聖書:列王記第一4:29-34
4:29 神は、ソロモンに非常に豊かな知恵と英知と、海辺の砂浜のように広い心を与えられた。
4:30 ソロモンの知恵は、東のすべての人々の知恵と、エジプト人のすべての知恵にまさっていた。
4:31 彼は、どの人よりも、すなわち、エズラフ人エタンや、マホルの息子たちのヘマン、カルコル、ダルダよりも知恵があった。そのため、彼の名声は周辺のすべての国々に広まった。
4:32 ソロモンは三千の箴言を語り、彼の歌は千五首もあった。
4:33 彼は、レバノンにある杉の木から、石垣に生えるヒソプに至るまでの草木について語り、獣、鳥、這うもの、そして魚についても語った。
4:34 彼の知恵のうわさを聞いた世界のすべての王たちのもとから、あらゆる国の人々が、ソロモンの知恵を聞くためにやって来た
聖書各巻の緒論は今回で第11回となる。サムエル記第一・第二を終えて列王記に進む。サムエル記から続く歴史書となり、列王記第一・第二によって統一王国時代、分裂王国時代、バビロン捕囚に至る大きな歴史の流れをつかむことができる。
Ⅰ.基本的なことがら
著者:伝承としてはエレミヤの名が上がる。エレミヤはイスラエル王国の歴史を始まりから終わりまで記すことはできただろうが詳しくは解らない。

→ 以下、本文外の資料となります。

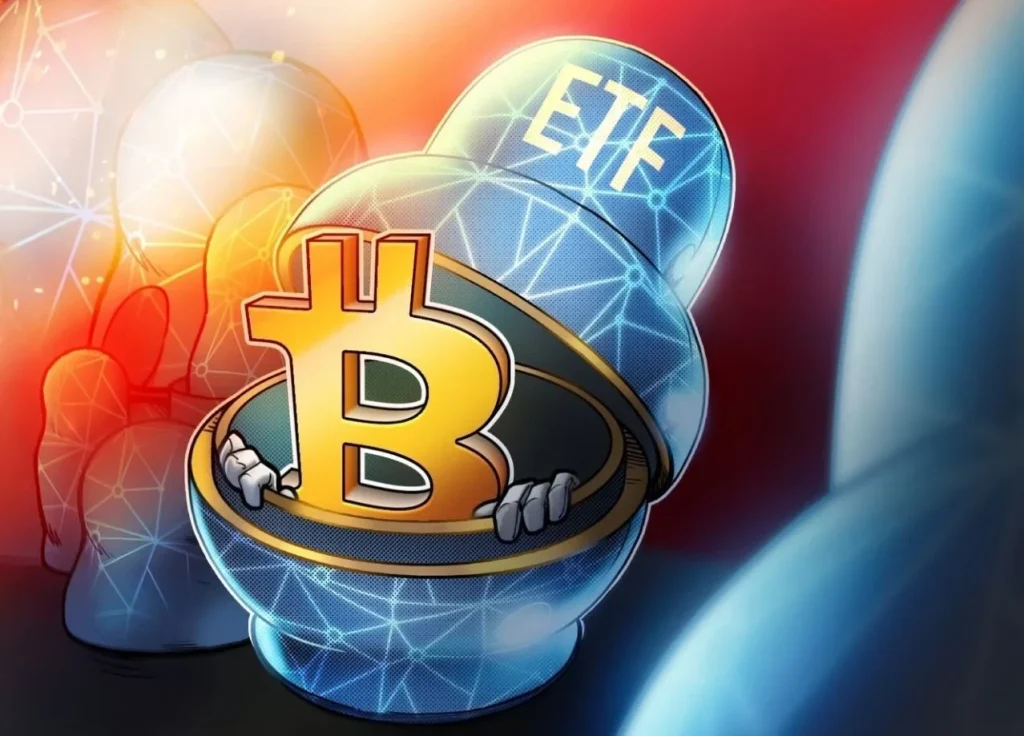 هفته قرمز بیت کوین؛ خروج ۱.۲ میلیارد دلار از صندوق های ETF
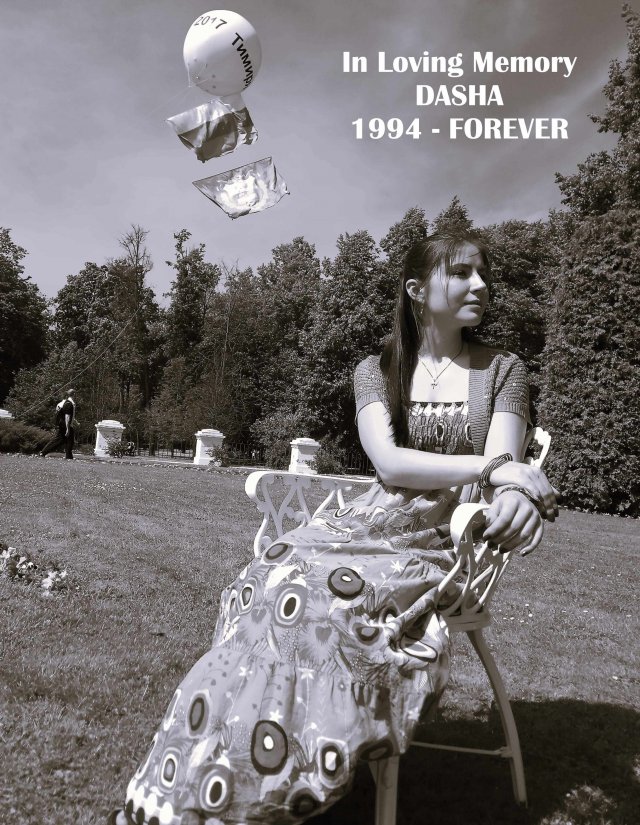 In Loving Memory of Dasha.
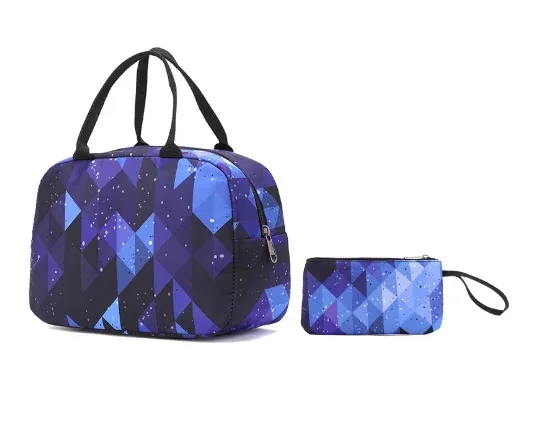 sac de chariot d'école, ensemble de sac à dos à roulettes pour filles, ensemble de sacs de chariot d'école primaire 3 pièces avec sac à déjeuner, sac à stylos pour garçon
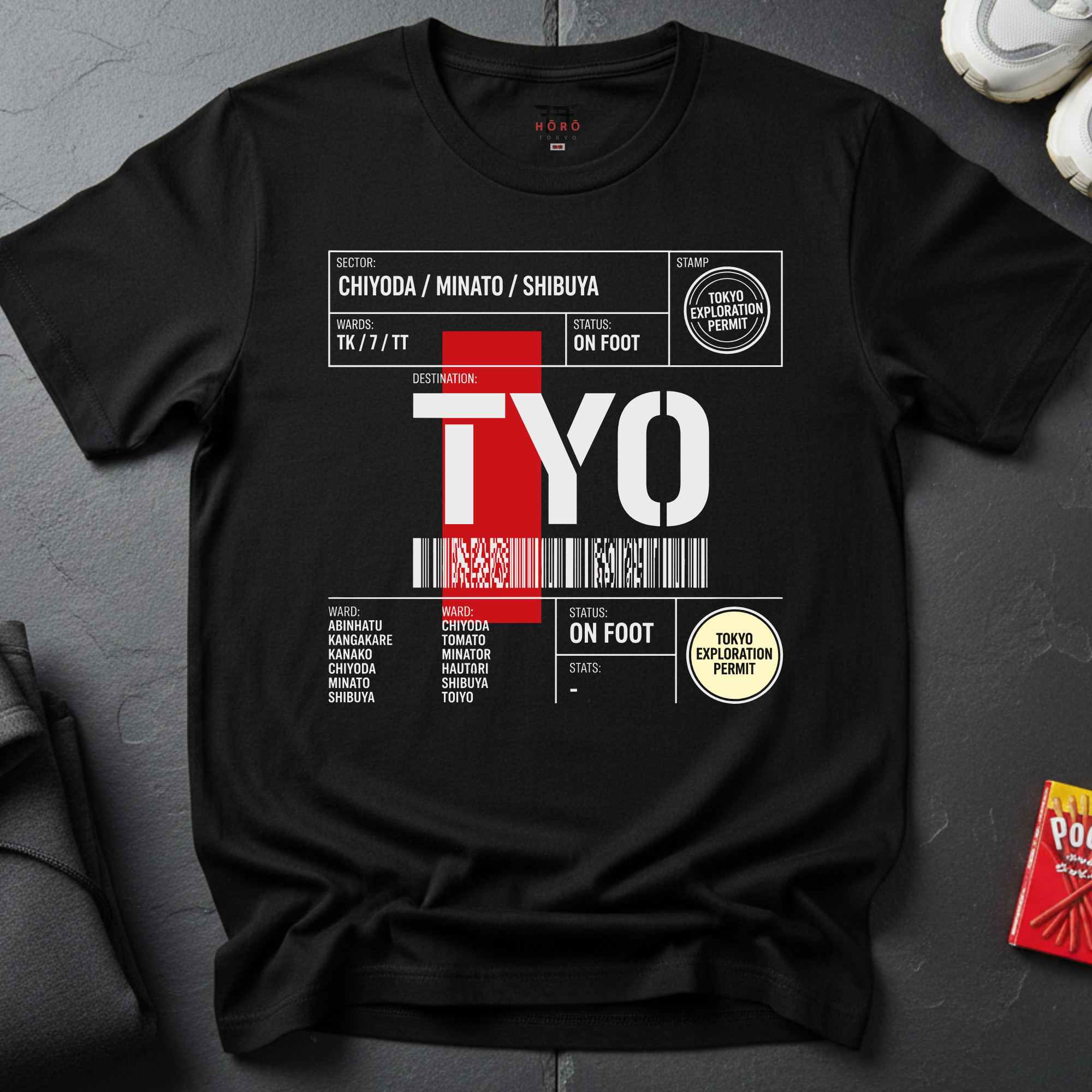 TYO On Foot T-Shirt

執筆年代:年代はダビデの晩年(B.C970年頃)からアハブ王の晩年(B.C850年頃)までの期間となる。執筆された年代は著者同様に余りよく分らないと言える。
大区分:1-11章ダビデの死、ソロモンの治世
12-22章ヤロブアムの反逆、王国の南北分裂、エリヤの活動
Ⅱ.基本的なメッセージ:「ソロモンの施政」
ソロモンはバテ・シェバを母に生まれる。権謀術数の宮廷、複数の王子の中でダビデの次の王位に就くのは神様が導かれたこと抜きには考えられない。ソロモンの栄華と称されるイスラエル王国の最盛期を迎える。ソロモンの歩みの基となったのは、神様が夢で願いは何かと問われた場面にある(3:5~14)。ソロモンに知恵と判断の心が与えられ、富も誉も長命も約束された。戦いに暮れた父ダビデの軍政とは異なりソロモンは平和時の治政であった。政治機構は複雑化した面はあり(4章)、各部族を十分満足させたかは解らない。北方のメソポタミヤに権力の隙が生まれていたので領土はユーフラテス川から地中海に及んだ(4:21)。平和を背景に通商交易は盛んとなり多くの利益を得た(10:11~23)。ソロモンの王宮は壮麗に飾られ贅を尽くしていたが、神殿建設が歴史的な事績であった(6~8章)。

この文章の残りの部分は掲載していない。